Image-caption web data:
------------------------------

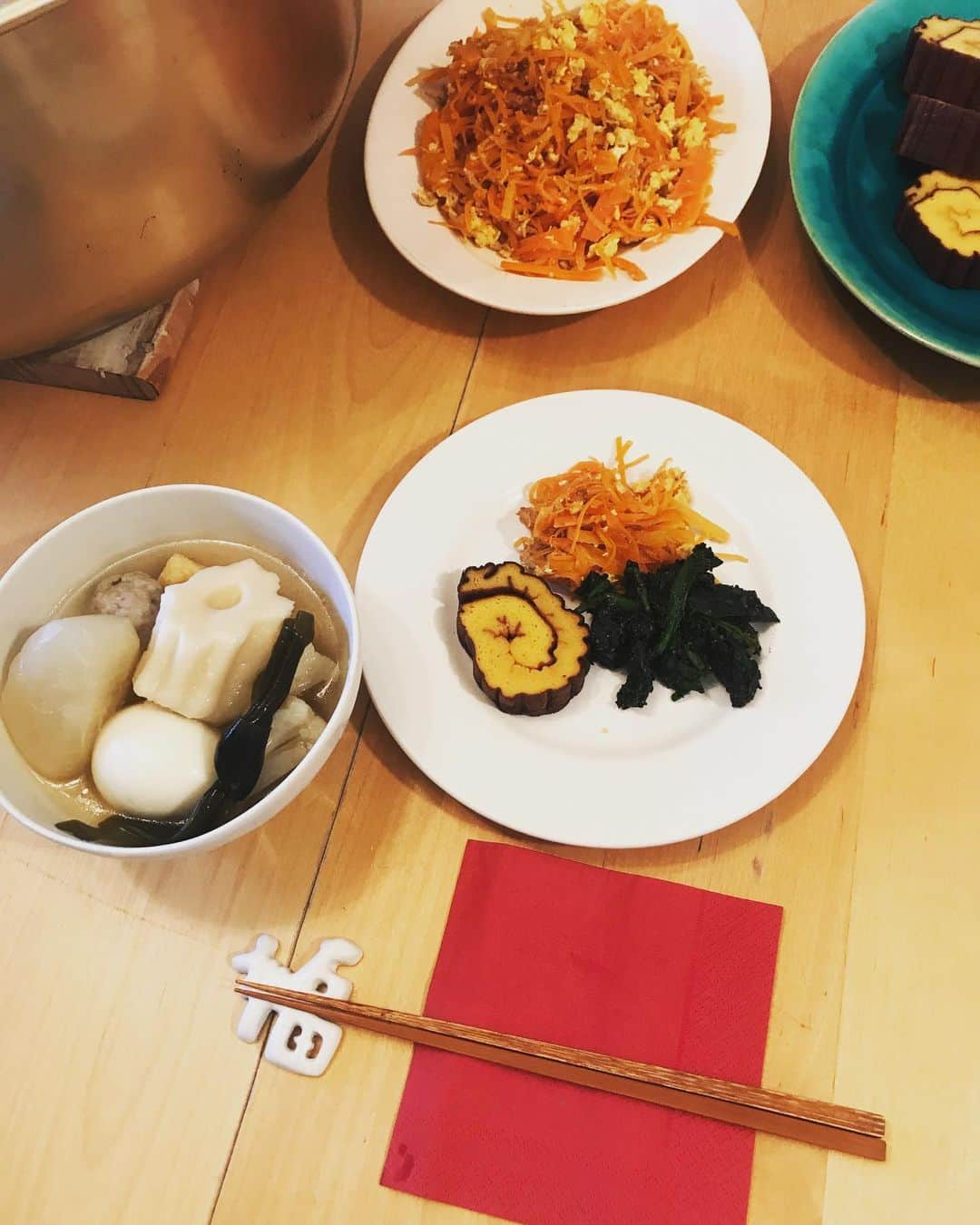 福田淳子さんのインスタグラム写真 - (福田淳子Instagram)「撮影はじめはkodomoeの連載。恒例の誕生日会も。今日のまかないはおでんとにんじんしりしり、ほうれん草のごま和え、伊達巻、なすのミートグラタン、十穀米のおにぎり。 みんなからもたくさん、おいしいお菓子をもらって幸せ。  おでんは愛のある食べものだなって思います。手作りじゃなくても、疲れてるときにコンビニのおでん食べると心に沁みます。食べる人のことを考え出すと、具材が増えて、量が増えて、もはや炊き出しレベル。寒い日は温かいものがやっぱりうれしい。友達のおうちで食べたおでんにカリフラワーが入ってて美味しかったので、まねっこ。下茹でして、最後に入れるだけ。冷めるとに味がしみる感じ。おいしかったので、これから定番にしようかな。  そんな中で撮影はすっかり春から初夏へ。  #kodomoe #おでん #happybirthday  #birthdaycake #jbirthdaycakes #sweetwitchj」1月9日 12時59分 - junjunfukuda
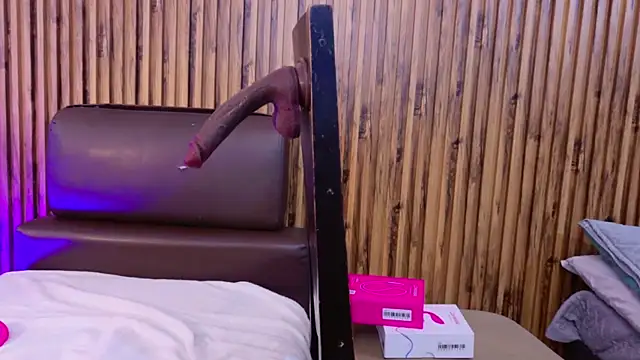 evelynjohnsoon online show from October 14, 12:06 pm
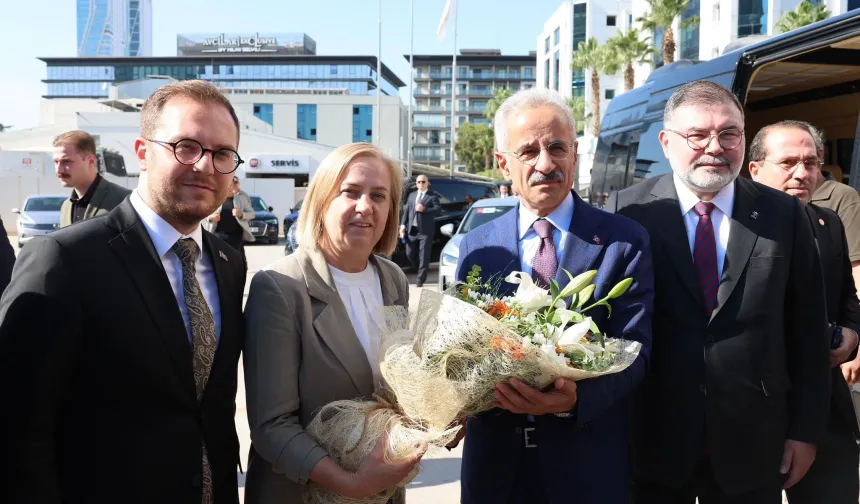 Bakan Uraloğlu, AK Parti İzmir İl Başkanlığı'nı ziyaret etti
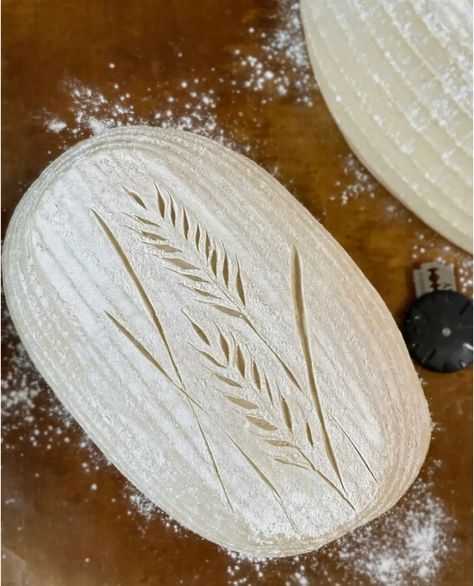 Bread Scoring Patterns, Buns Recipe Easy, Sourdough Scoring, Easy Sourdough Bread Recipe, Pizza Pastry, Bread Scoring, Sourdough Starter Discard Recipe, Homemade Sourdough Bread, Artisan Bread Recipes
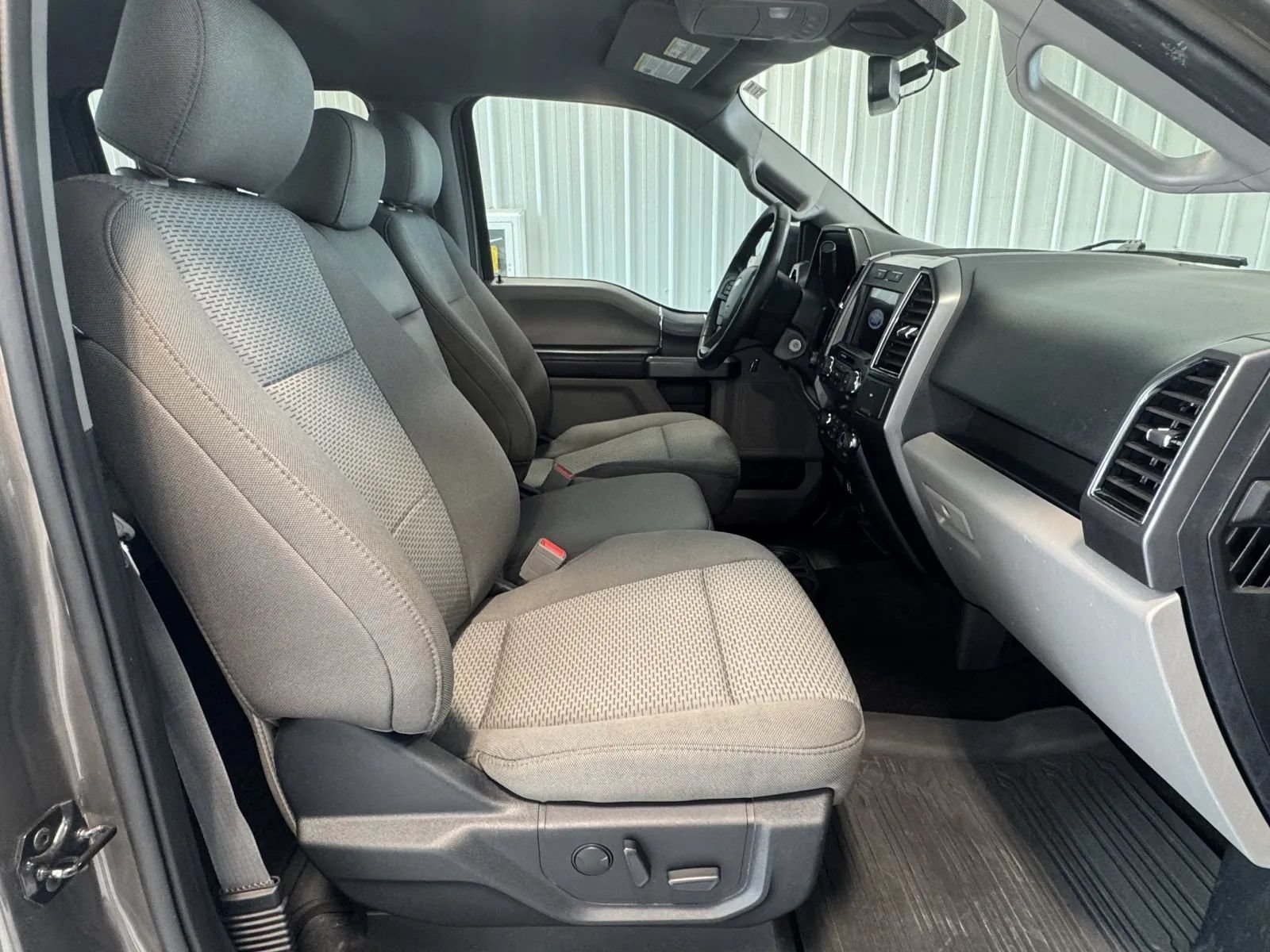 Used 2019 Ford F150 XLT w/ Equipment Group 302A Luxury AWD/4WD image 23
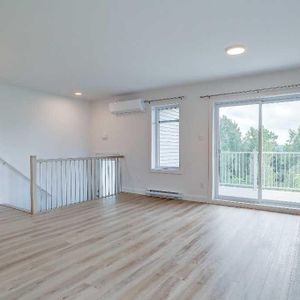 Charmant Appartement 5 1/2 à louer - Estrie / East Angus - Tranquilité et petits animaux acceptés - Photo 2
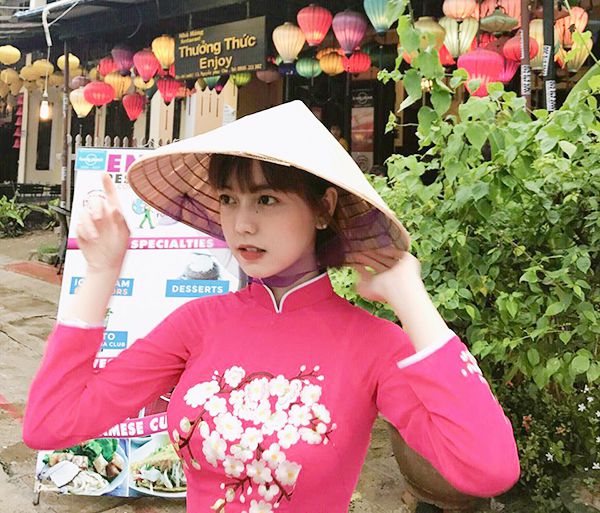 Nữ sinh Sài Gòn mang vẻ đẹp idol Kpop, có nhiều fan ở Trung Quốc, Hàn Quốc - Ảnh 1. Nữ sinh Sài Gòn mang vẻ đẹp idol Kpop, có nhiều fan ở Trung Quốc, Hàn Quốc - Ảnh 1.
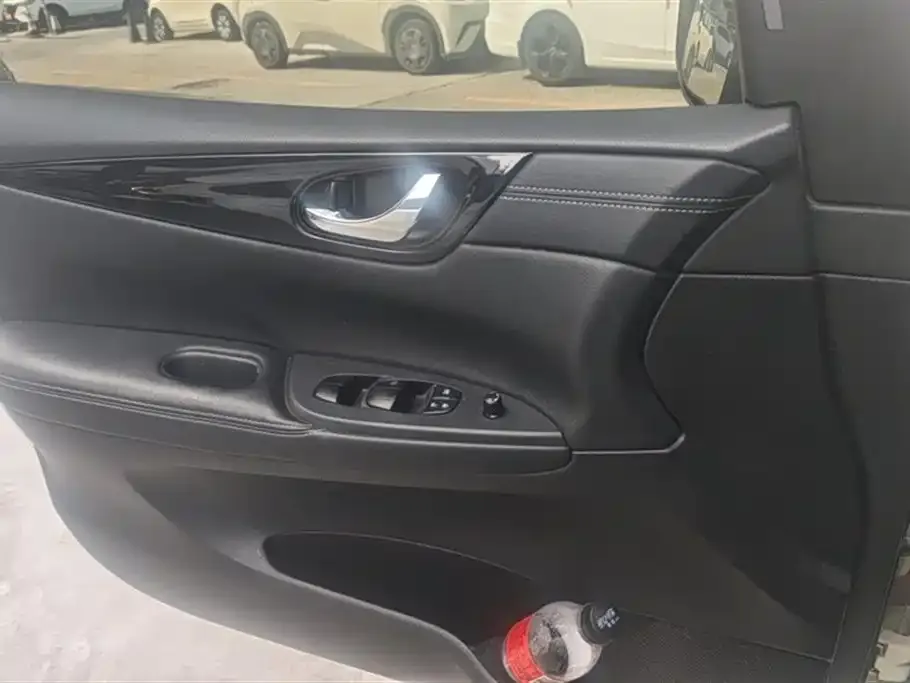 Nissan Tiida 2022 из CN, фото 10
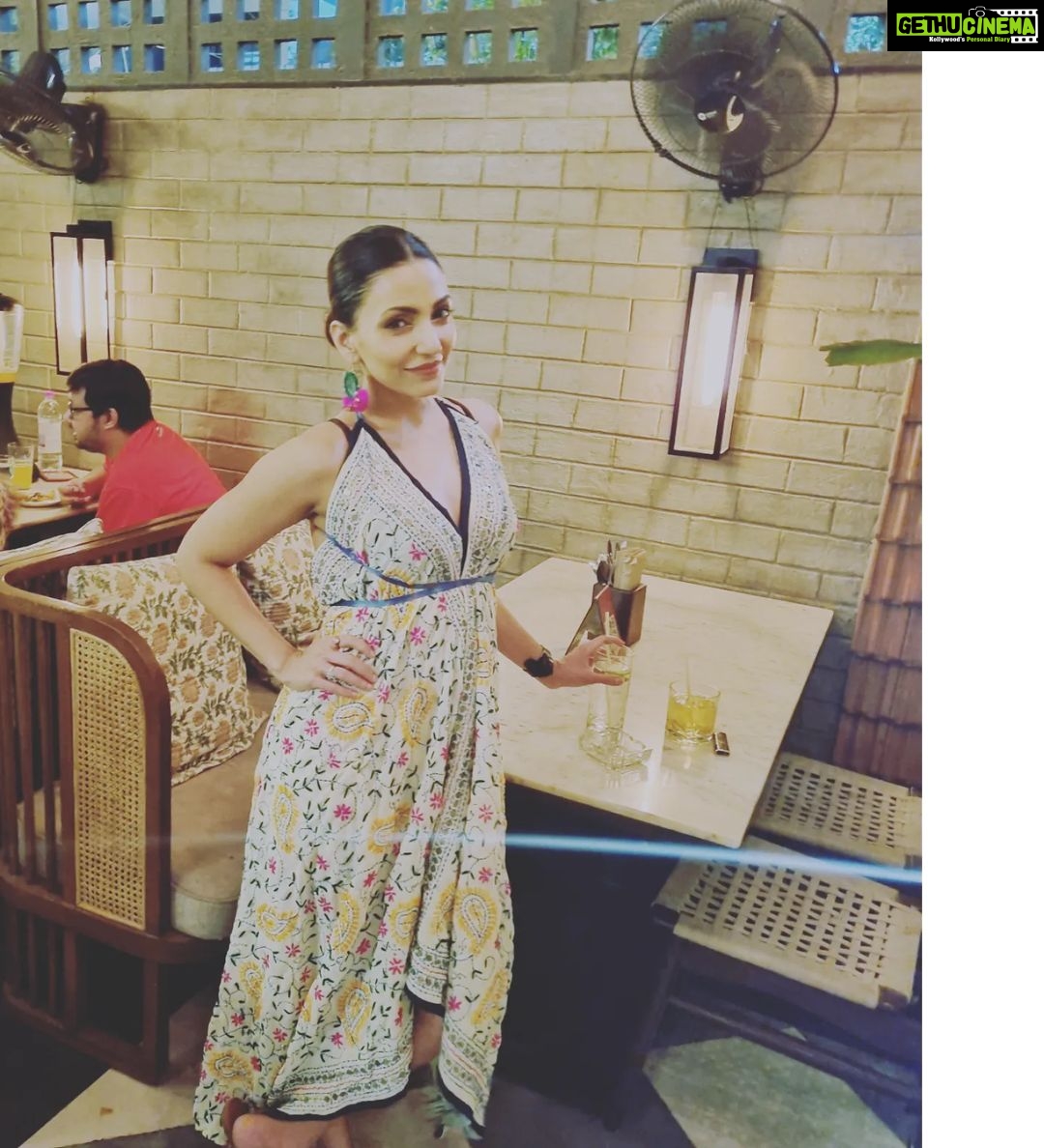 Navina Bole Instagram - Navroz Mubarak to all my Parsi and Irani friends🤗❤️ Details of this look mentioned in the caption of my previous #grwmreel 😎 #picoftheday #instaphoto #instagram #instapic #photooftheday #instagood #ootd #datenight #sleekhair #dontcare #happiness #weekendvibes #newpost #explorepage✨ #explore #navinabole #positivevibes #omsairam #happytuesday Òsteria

------------------------------

EXERCISE OBJECTIVE -
Extract the part of the records that opens with the line containing "Bakan Uraloğlu, AK" and closes with the line containing "Nissan Tiida 2022 из CN, фото 10". Take only those lines, exactly, and no pictures.

RESPONSE -
 Bakan Uraloğlu, AK Parti İzmir İl Başkanlığı'nı ziyaret etti
 Bread Scoring Patterns, Buns Recipe Easy, Sourdough Scoring, Easy Sourdough Bread Recipe, Pizza Pastry, Bread Scoring, Sourdough Starter Discard Recipe, Homemade Sourdough Bread, Artisan Bread Recipes
 Used 2019 Ford F150 XLT w/ Equipment Group 302A Luxury AWD/4WD image 23
 Charmant Appartement 5 1/2 à louer - Estrie / East Angus - Tranquilité et petits animaux acceptés - Photo 2
 Nữ sinh Sài Gòn mang vẻ đẹp idol Kpop, có nhiều fan ở Trung Quốc, Hàn Quốc - Ảnh 1. Nữ sinh Sài Gòn mang vẻ đẹp idol Kpop, có nhiều fan ở Trung Quốc, Hàn Quốc - Ảnh 1.
 Nissan Tiida 2022 из CN, фото 10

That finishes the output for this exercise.